Segundo ejemplo: imagina que a los dieciséis años te echas un novio, y que éste te es infiel con tu mejor amiga.  Imagina que, después de reponerte, a los dieciocho años, inicias una nueva relación…  Y que tu nueva pareja te es infiel con tu nueva mejor amiga (porque, obviamente, cambiaste de mejor amiga).  Nueva ruptura y periodo de ‘duelo’…  A los veintitrés te enamoras de nuevo…  Y te engaña con tu mejor amiga, una vez más.  ¿No es natural que pienses -mejor, que creas- que los hombres son unos mal nacidos, infieles por naturaleza y que además tienen la especial malignidad de encapricharse de lo que tú más quieres, de tu mejor amiga?  Es natural que lo creas, porque tu experiencia es la que es…  Pero eso es una creencia, no una realidad, porque tu experiencia se basa en una muestra de seis personas (tres ex-novios y tres ex-amigas) y en el mundo hay millones de personas que no son así.

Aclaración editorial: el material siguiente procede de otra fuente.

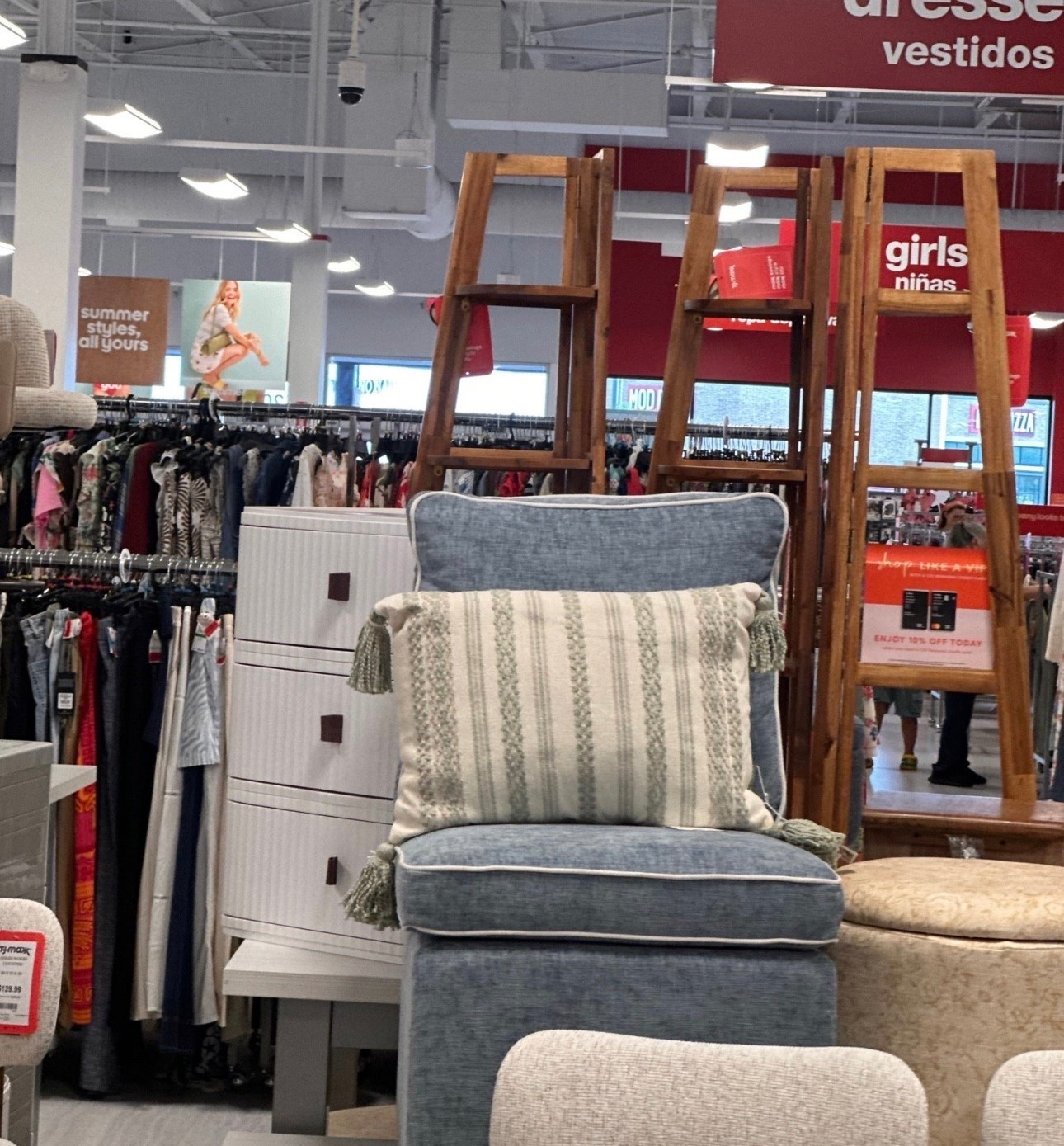 Stop everything! 🚨 The TJ Maxx furniture department is hitting different lately. Found this stunning textured blue accent chair and matching storage bench that look so high-end. Perfect for a cozy reading nook or adding a pop of classic color to your living room. 

I’ve linked the exact lookalikes and styling pieces so you can recreate this exact high-end look at home! Click the link to shop. 🛋️✨ #HomeDecor #TJMaxxHome #LivingRoomInspo #AccentChair #AffordableLuxury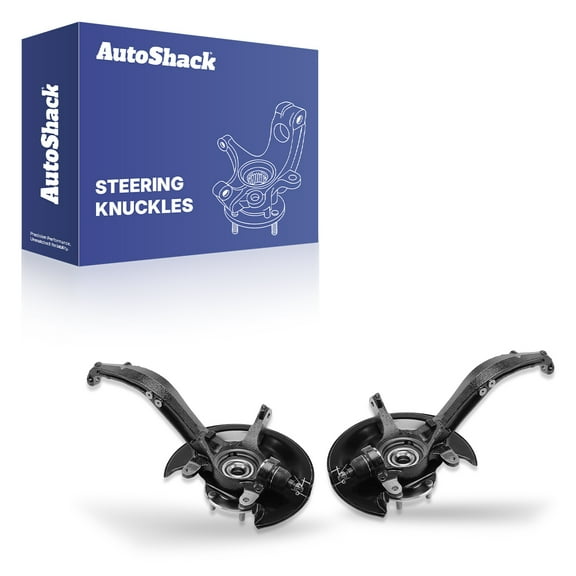 AutoShack Front Steering Knuckles & Wheel Bearing Hub Assembly Replacement for 2003-2007 Honda Accord 2-PC Set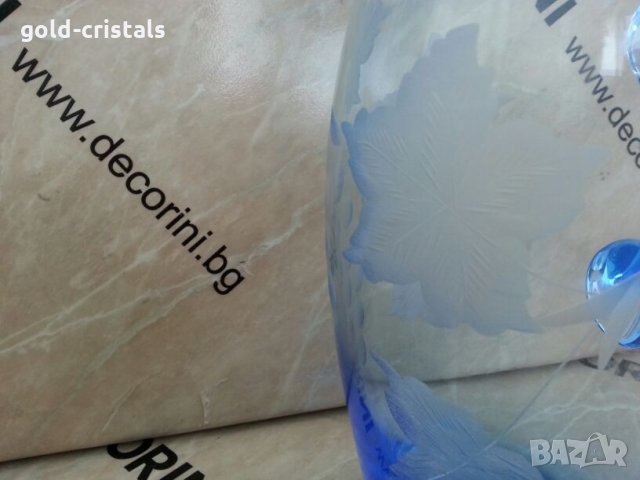 Стара руска кана с капаче цветно стъкло, снимка 4 - Антикварни и старинни предмети - 25320003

¿Cuál es el problema que subyace detrás de estos ejemplos?  Que una vez instaladas en nuestro inconsciente, las creencias ya no son cuestionadas por nosotros, sino que nosotros somos cuestionados por ellas.  Y no importa si son creencias que nos hacen mejores o creencias que nos hunden…  Son creencias, y no se cuestionan.  Pero aun es más grave porque, como advierte R.L. Leahy,

Cuando la información o experiencia que recibimos no coincide con las creencias que guardamos en nuestro interior, resolvemos el conflicto a favor de las creencias o esquemas previos.  Esto es, nos engañamos a nosotros mismos.

Ése es el gran peligro de las creencias, que en lugar de acercarnos a la realidad, nos alejen de ella.  Y por eso mismo se vuelve tan importante trabajar conscientemente sobre ellas, identificándolas, cuestionándolas, contrastándolas con la realidad y -si es preciso- reemplazándolas o matizándolas.

Bienvenidas sean las creencias que nos ayudan a crecer y a vivir una vida buena y con sentido…  Pero no podemos permitir que una creencia limitante nos impida descubrir el esplendor de la existencia.  Hay trabajo por hacer, pero el esfuerzo merece la pena.